Jepsen: Kafka

2013-09-24

In the last Jepsen post, we learned about NuoDB. Now it’s time to switch gears and discuss Kafka. Up next: Cassandra.

Kafka is a messaging system which provides an immutable, linearizable, sharded log of messages. Throughput and storage capacity scale linearly with nodes, and thanks to some impressive engineering tricks, Kafka can push astonishingly high volume through each node; often saturating disk, network, or both. Consumers use Zookeeper to coordinate their reads over the message log, providing efficient at-least-once delivery–and some other nice properties, like replayability.

In the upcoming 0.8 release, Kafka is introducing a new feature: replication. Replication enhances the durability and availability of Kafka by duplicating each shard’s data across multiple nodes. In this post, we’ll explore how Kafka’s proposed replication system works, and see a new type of failure.

Here’s a slide from Jun Rao’s overview of the replication architecture. In the context of the CAP theorem, Kafka claims to provide both serializability and availability by sacrificing partition tolerance. Kafka can do this because LinkedIn’s brokers run in a datacenter, where partitions are rare.

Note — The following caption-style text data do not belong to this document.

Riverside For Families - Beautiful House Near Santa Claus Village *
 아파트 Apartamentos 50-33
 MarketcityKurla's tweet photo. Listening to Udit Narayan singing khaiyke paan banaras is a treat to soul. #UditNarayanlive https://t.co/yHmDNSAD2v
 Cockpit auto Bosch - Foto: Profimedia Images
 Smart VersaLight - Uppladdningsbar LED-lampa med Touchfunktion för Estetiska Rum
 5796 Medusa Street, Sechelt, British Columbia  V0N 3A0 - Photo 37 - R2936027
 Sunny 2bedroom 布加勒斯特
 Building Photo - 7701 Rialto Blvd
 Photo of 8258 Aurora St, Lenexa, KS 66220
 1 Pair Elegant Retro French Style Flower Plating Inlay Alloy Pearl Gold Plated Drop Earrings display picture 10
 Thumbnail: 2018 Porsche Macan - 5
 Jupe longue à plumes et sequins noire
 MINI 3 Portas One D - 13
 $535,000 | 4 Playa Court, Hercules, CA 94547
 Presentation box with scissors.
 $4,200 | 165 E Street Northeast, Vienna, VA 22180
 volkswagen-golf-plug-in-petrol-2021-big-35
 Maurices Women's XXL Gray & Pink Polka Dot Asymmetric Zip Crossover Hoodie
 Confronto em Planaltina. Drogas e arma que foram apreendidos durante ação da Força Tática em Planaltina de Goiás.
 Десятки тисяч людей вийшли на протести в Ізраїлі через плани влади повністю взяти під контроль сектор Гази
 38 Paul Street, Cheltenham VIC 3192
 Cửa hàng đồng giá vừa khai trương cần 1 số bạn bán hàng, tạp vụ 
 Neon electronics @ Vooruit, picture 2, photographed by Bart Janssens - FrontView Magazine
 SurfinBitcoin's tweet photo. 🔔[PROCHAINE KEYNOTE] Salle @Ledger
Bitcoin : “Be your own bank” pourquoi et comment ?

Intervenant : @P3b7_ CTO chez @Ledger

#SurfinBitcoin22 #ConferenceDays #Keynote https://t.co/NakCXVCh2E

Note that the claimed behavior isn’t impossible: Kafka could be a CP system, providing “bytewise identical replicas” and remaining available whenever, say, a majority of nodes are connected. It just can’t be fully available if a partition occurs. On the other hand, we saw that NuoDB, in purporting to refute the CAP theorem, actually sacrificed availability. What happens to Kafka during a network partition?

Design

Kafka’s replication design uses leaders, elected via Zookeeper. Each shard has a single leader. The leader maintains a set of in-sync-replicas: all the nodes which are up-to-date with the leader’s log, and actively acknowledging new writes. Every write goes through the leader and is propagated to every node in the In Sync Replica set, or ISR. Once all nodes in the ISR have acknowledged the request, the leader considers it committed, and can ack to the client.

When a node fails, the leader detects that writes have timed out, and removes that node from the ISR in Zookeeper. Remaining writes only have to be acknowledged by the healthy nodes still in the ISR, so we can tolerate a few failing or inaccessible nodes safely.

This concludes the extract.